Elias did very well yesterday and we were very pleased with his progress overnight. He did not require any pain medication or sedation. He is still on the ventilator but they were about to wean the rate back a little from 30 to 20. Now that he is doing better they are preparing to transfer us out of ICU today at some point. They are just waiting for a bed to open. We will be going to the trach/ventilator unit. There they will continue to try and wean Elias off the ventilator. They restarted Elias’ feeds yesterday as well, but we are having problems with the G-tube – Go Figure! That thing has been a thorn in our side since the day it was put in. You would think the revision we did a month ago would have made things better. The problem is the feeds are at times pouring out of the stoma and still leaking heavily when it is not. The stoma itself is still very irritated and a little bigger than it should one because Elias ripped out the g-tube the other night while the balloon was fully inflated and secondly because the disc was not able to sit flush with the skin it was moving around which it should not do. This leads to the stoma slowly enlarging. However, every time the surgery service was paged, if they even showed up to look at it which happened a few times, they would blow it off as nothing but granulation tissue or “something they would expect to see.” They did not even follow up after the new tube was placed. Now they are having to be paged again. So until they decide they have time for us Elias’ feeds are on hold again. No wonder the child has weighed the same since April! Elias is 17 months old now and weighs around the 15 pound mark which he has hovered at for the last 6 months. So from here we hope that tomorrow brings about a better plan of action now that the surgical recovery is out of the picture. We are approaching 4 weeks for this admission and 40+ days overall since August12th. The snails pace at which some things move we are begging them to try and avoid this week.

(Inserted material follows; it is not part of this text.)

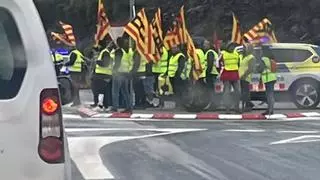 Els treballadors de Feldespatos Llansà es manifesten a l'N-260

I neglected to mention in my update yesterday that we now have another new problem with Elias airway. It seems the more we correct the more we find as we move downward his trachea. They did a scope on Friday at the bedside to see how the cuffed trach tube was working. It seems that not only does Elias still have tracheomalacia below the trach tube, but also Bronchomalacia. This is in the bronchus leading to the lungs and basically collapses on expiration of breath. I had an opportunity to see it for myself in the scope, which was very interesting, but I could only hold my head down shaking it after hearing this. It is frustrating to continually discover new issues just as you begin to think you have resolved another. The bright side to this, that while to us it is a new word or new problem, to the doctors it is simply another piece of the puzzle. Si Pap could also potentially help with the bronchomalacia as well, so it seems like things do not have to change too much. That of course is subject to change.
So we take the next step tomorrow hoping to hear the thoughts and possibilities. Elias being moved out of ICU is a great step forward. There is still much work for him to do unfortunately, but he has been a trooper and will continue to do so. As great as it would be to return home as we did when we went in, it is only fair to be realistic in the expectation that Elias will need at least Si Pap. We are hoping if that is the case it will be limited use and not full-time. We will continue to pray and hope for the best, but mentally we are preparing for this. I think once we see how it will impact Elias and his ability to move, play, develop, etc we will be more comfortable with the idea. We just do not want this to set him back or limit him any further. That is our biggest worry and concern. Thank you all for your continued thoughts and prayers.